### Required action
Type the entries out again exactly as they read, but leave every picture behind.
● ● ●
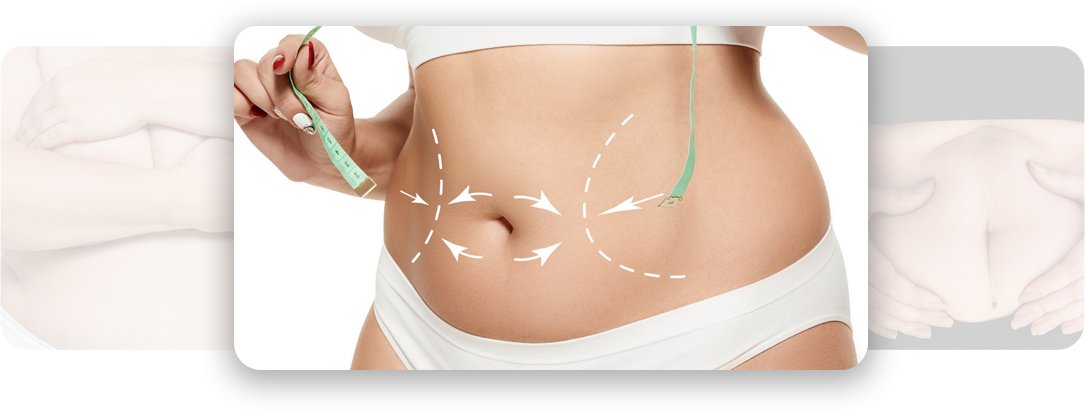 Mommy Makeover - AEONA Aesthetic Clinic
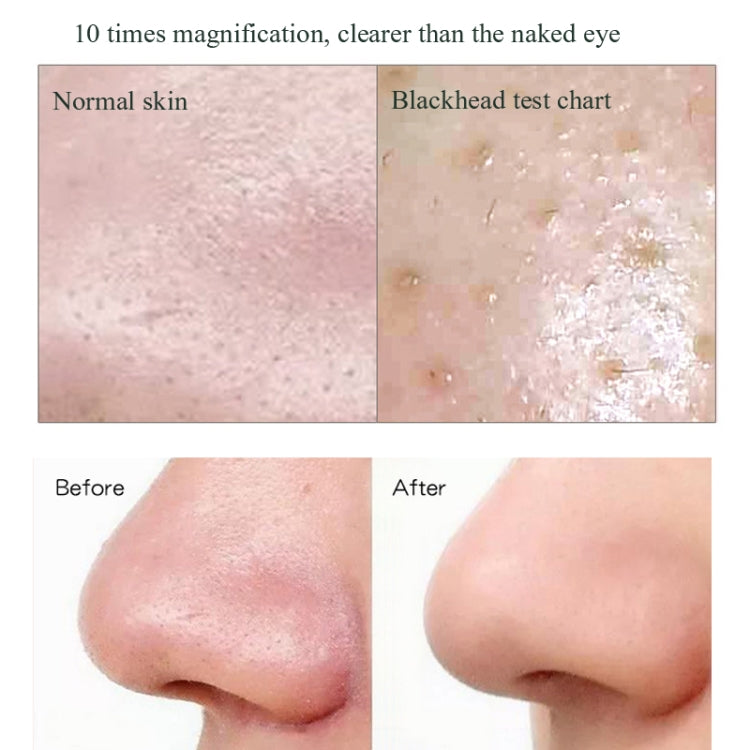 Blackhead Electric Pore Removal Machine Clean Facial Equipment,Style: Visual Model - HoMEdemic™ 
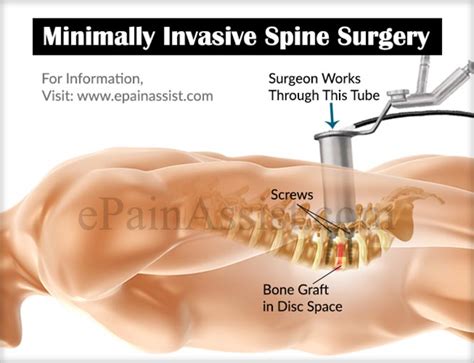 Minimally Invasive Spine Surgery Types Recovery How Is It Done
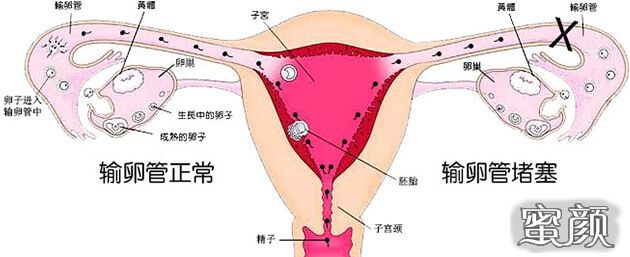 案例图片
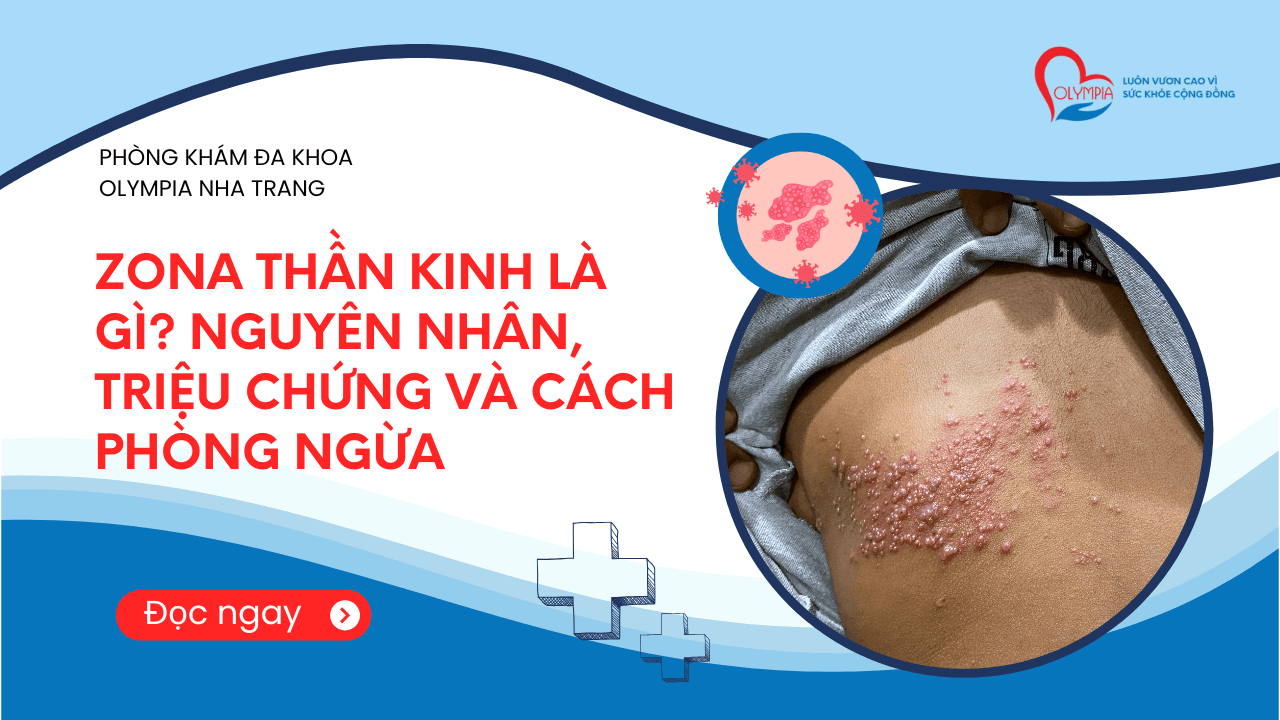 Zona Thần Kinh Là Gì- Nguyên Nhân, Triệu Chứng Và Cách Phòng Ngừa - phòng khám đa khoa olympia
● ● ●
### Written solution
 Mommy Makeover - AEONA Aesthetic Clinic
 Blackhead Electric Pore Removal Machine Clean Facial Equipment,Style: Visual Model - HoMEdemic™ 
 Minimally Invasive Spine Surgery Types Recovery How Is It Done
 案例图片
 Zona Thần Kinh Là Gì- Nguyên Nhân, Triệu Chứng Và Cách Phòng Ngừa - phòng khám đa khoa olympia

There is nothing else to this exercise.